Regime troops advanced on Saraqeb [Getty]

Syrian regime forces were besieging the rebel-held city of Saraqeb in southern Idlib province on Thursday amid an intensification of regime and Russian bombing of Idlib province.

Some reports said that the regime troops were already in the city, which has been evacuated by the vast majority of its inhabitants with just a few dozen opposition fighters remaining behind.

Saraqeb has long been an opposition stronghold and it occupies a strategic location on the junction between the M5 highway which links Damascus to Aleppo and the M4 highway which connects Aleppo to Latakia.

The Syrian Step News Agency reported that a woman and a child were killed on Thursday in regime bombing of Idlib province and opposition-held areas of Aleppo province, and that seven people were injured, three of them children.

Read also: In Idlib, Assad's war machine has a lethal message - 'Leave or die'

Five people were also killed in regime bombing of Jadariya in western Aleppo province on Wednesday night.

Turkey on Thursday urged Russia to pressure the regime to cease its advances on Saraqeb.

"We expect Russia to stop the regime as soon as possible," Foreign Minister Mevlut Cavusoglu told reporters in the Azerbaijani capital Baku.

The regime's offensive has violated previous de-escalation agreements and led to clashes between Turkish and Syrian regime forces on Monday in which more than 20 Turkish and regime soldiers died. Hundreds of thousands of civilians have fled the regime's advance.

Cavusoglu said Turkey and Russia were closely coordinating after the clashes, adding that a delegation from Russia was due to visit Turkey for further talks.

"Our target on the ground in Idlib is not Russia," he said.

"Who carried out the attack there?

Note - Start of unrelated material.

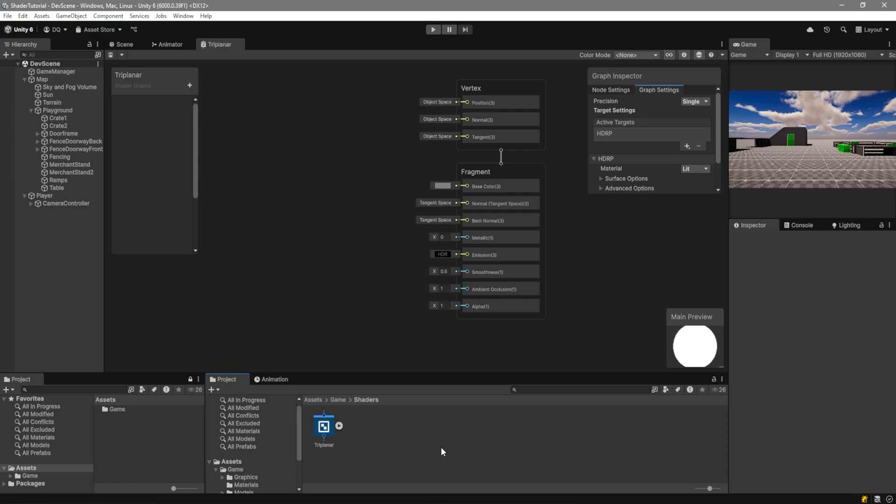For those of you who have never used the shader graph, don't worry. It's actually way simpler than code, and that's coming from a code guy. So that can tell you a lot.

It is the regime. Who attacked our soldiers? It's the regime... Who harassed our observation posts? It is the regime."

A regime officer told Russia Today on Thursday that the regime was also besieging Taftinaz military airport in Idlib province on three sides.

Turkey has recently established a military post in the airport and has previously warned the regime not to attack any of the 12 observation posts it maintains in Idlib province.

An opposition military source told The New Arab’s Arabic-language service that Turkish troops had fired on regime soldiers outside the airport.

Turkish forces also reportedly set up jamming equipment in the airport to prevent regime aircraft from communicating with each other.

Also on Thursday, Russia said that a number of its military specialists had been killed in Syria, without providing any further details.

A statement from the Russian Foreign Ministry blamed "terrorists" - in a probable reference to the hardline Islamist group Hayat Tahrir al-Sham - for the deaths, also saying that Turkish specialists had been killed.

"Terrorists... ramped up their attacks. The number of dead and wounded among Syrian servicemen and civilians outside the de-escalation zone has grown into the hundreds. Russian and Turkish military specialists have died tragically," the statement said.

Russia has declared ceasefires and de-escalation zones in Syria before but has violated them arbitrarily numerous times. In January it announced a ceasefire in Idlib only to break it a few days later.

Kremlin spokesman Dmitry Peskov declined to comment to journalists, referring all questions to the foreign and defence ministry. Foreign ministry spokespeople declined immediate comment.

Novaya Gazeta, a leading independent Russian newspaper, reported this week that four officers from the FSB security service had been killed in Syria in early February. However, it said that the officers could have been killed by hardline Assad regime elements, rather than rebels.

Agencies contributed to this report.